Williams, who joined Apple in 1998, previously served as senior vice president of operations and oversaw development of the Apple Watch, the company’s first new product since the iPad.
Williams’ new job vaults him into the elite group of C-level executives, which includes chief design officer Jony Ive.
The title change formalizes a role Williams had been playing since Cook’s promotion, said analyst Tim Bajarin.
“(Williams) was trained by Tim,” he said. “He was the right person to take that position.”
According to WSJ, he is often referred to as “Tim Cook’s Tim Cook,” a nod to the important operations role that the Apple chief played for former CEO Steve Jobs before his death. Mr. Williams fills a role that had been vacant since Mr. Cook’s ascension to CEO in 2011.

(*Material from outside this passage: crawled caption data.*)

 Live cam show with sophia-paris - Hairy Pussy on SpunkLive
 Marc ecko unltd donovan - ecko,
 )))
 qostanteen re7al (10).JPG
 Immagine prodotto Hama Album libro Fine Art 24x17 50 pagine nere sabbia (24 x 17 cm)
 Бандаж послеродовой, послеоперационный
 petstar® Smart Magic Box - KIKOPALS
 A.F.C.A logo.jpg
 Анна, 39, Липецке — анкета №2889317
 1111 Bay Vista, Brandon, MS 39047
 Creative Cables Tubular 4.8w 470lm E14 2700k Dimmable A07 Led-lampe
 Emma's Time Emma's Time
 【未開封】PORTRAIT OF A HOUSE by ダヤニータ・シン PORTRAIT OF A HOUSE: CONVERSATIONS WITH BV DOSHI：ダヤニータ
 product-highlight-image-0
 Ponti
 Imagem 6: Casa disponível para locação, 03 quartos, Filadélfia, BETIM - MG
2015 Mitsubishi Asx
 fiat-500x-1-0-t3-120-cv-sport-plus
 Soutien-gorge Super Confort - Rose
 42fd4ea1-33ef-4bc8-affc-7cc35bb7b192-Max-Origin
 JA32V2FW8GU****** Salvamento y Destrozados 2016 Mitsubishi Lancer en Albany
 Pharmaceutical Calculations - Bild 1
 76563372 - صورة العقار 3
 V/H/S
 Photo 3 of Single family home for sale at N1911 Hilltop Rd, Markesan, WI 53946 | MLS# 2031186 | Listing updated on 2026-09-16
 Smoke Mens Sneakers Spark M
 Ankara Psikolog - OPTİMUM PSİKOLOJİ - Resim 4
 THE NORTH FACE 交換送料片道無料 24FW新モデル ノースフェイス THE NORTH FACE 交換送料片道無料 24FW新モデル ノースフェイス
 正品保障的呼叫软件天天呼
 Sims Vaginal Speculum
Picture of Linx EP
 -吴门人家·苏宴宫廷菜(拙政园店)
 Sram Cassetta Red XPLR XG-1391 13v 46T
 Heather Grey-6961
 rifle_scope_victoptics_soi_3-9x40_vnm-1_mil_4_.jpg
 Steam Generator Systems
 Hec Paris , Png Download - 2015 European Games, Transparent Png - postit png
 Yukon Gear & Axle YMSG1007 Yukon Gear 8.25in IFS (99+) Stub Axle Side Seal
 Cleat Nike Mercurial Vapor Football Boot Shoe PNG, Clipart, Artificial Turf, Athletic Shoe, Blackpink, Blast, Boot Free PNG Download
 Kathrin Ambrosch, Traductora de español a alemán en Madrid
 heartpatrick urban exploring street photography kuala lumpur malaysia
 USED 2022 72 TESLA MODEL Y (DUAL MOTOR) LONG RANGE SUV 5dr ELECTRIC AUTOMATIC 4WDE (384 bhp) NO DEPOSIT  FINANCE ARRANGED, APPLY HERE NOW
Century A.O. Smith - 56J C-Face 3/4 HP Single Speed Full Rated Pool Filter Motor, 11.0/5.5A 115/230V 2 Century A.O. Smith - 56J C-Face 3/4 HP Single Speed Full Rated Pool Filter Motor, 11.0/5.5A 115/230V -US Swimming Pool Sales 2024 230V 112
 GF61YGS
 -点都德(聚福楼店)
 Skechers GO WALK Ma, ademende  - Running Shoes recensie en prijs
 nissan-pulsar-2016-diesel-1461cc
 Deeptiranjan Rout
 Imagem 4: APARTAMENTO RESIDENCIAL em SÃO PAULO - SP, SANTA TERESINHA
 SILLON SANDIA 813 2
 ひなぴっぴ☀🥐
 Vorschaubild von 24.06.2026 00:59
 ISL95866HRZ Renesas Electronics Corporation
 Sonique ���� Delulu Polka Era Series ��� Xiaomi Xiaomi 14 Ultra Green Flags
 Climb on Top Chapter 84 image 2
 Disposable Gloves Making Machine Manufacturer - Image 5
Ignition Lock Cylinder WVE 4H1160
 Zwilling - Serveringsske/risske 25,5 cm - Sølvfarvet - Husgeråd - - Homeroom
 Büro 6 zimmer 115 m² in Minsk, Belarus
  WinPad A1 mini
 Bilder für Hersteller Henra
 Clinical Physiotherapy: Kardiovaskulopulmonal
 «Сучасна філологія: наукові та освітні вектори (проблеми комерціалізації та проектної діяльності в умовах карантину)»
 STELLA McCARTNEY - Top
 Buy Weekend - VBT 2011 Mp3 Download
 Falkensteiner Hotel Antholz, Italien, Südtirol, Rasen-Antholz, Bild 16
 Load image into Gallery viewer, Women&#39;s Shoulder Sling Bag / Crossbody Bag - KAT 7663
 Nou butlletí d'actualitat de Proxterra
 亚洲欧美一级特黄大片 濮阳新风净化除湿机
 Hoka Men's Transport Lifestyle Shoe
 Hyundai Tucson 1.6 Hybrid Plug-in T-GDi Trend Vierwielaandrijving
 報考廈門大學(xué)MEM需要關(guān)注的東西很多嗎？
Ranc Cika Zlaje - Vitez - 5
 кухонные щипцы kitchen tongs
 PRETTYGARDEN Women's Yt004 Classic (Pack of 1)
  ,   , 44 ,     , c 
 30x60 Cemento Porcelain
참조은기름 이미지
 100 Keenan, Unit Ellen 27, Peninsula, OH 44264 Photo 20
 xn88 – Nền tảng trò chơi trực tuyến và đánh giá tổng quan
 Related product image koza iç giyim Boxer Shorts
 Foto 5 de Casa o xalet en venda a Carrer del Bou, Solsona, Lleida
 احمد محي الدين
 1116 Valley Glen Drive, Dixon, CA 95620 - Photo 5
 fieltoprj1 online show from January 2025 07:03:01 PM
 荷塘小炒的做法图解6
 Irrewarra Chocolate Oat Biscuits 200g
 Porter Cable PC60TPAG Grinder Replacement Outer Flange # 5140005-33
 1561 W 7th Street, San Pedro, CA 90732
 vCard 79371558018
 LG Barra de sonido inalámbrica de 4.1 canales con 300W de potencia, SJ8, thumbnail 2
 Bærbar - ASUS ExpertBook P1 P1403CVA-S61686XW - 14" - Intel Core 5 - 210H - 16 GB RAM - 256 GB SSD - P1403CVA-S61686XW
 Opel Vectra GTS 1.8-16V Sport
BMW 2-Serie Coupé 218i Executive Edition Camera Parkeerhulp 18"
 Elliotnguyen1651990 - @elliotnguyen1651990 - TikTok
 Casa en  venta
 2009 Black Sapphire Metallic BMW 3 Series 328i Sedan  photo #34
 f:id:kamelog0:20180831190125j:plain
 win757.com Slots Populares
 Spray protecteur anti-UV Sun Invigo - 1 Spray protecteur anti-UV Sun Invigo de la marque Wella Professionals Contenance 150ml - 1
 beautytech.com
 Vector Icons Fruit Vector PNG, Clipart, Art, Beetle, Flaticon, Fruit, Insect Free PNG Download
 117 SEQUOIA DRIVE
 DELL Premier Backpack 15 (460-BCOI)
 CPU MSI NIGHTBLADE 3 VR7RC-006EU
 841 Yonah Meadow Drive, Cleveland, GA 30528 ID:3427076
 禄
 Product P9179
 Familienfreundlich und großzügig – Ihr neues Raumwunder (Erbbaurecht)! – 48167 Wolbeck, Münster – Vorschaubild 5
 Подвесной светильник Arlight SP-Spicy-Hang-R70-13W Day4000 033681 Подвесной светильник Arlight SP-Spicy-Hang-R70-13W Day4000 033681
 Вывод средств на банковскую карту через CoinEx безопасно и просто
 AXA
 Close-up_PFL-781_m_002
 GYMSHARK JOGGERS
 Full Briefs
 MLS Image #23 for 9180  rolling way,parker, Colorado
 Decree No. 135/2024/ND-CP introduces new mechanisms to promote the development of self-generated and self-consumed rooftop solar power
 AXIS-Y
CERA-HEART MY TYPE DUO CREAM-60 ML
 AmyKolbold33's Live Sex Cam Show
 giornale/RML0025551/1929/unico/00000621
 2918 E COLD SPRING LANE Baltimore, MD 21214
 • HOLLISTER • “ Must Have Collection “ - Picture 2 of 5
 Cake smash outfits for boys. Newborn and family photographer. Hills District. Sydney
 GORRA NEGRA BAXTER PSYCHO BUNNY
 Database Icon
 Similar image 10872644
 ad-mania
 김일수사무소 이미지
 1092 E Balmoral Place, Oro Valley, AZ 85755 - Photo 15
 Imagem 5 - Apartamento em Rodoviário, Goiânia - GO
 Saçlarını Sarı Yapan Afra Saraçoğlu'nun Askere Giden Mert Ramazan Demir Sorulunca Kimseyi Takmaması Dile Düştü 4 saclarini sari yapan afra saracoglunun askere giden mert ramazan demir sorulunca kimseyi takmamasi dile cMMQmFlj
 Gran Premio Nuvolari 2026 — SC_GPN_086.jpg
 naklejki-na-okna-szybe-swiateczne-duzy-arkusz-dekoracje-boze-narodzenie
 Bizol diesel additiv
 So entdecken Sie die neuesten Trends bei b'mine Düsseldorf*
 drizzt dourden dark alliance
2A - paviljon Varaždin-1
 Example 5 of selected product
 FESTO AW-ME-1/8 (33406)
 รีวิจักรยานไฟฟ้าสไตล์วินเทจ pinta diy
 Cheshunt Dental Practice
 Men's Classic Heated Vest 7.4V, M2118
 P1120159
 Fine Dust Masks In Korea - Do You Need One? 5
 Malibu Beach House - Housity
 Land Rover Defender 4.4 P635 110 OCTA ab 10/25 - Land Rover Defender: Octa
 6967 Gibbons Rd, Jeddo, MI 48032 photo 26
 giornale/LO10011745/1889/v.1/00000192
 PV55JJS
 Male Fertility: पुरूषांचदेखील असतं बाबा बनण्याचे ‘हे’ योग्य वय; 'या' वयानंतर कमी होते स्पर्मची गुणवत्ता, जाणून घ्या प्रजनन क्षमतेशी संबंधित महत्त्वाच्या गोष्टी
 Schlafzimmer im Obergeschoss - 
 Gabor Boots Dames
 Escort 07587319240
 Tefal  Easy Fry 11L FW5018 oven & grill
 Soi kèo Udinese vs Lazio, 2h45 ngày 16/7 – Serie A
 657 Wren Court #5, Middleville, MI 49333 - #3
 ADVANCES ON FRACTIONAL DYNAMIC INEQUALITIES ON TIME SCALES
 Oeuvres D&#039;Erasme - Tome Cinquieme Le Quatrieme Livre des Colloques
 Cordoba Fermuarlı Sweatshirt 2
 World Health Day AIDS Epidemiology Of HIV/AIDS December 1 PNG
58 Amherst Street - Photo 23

Mr. Williams is known as a serious and understated executive who, according to a New Yorker article earlier this year drove a Toyota Camry until recently, even though he was awarded $66 million in restricted stock in fiscal 2012 and another $20 million in fiscal 2014.
In any case, Cook does not appear to be eyeing the exits, said former Apple executive Jean-Louis Gassée, who saw the leadership changes as a way to keep executives on their toes.
“I don’t see Tim Cook relinquishing the reins in any way,” he said. “I see him strengthening his hand.”
Apple also said on Thursday it would expand the responsibilities of global marketing chief Phil Schiller to include leading the Apple App Store.
The move will create greater accountability for improvements to the App Store, said Gassée, who hopes to see Apple do more to guide users to the best apps.
Apple said it had named Tor Myhren, the chief creative officer and president of ad agency Grey New York, as vice president of marketing communications, with responsibility for advertising campaigns. Mr. Myhren, who will join in early 2016, will succeed Hiroki Asai, who is leaving the company after 18 years.
Mr. Myhren is one of the most high-profile creative talents in the advertising industry, credited for helping turn around WPP PLC-owned Grey during his eight years at the agency.
He created well-known campaigns such as eTrade’s talking baby and Oprah Winfrey’s car giveaway in 2004, in which the talk show host gave 300 Pontiac cars to every member of her audience.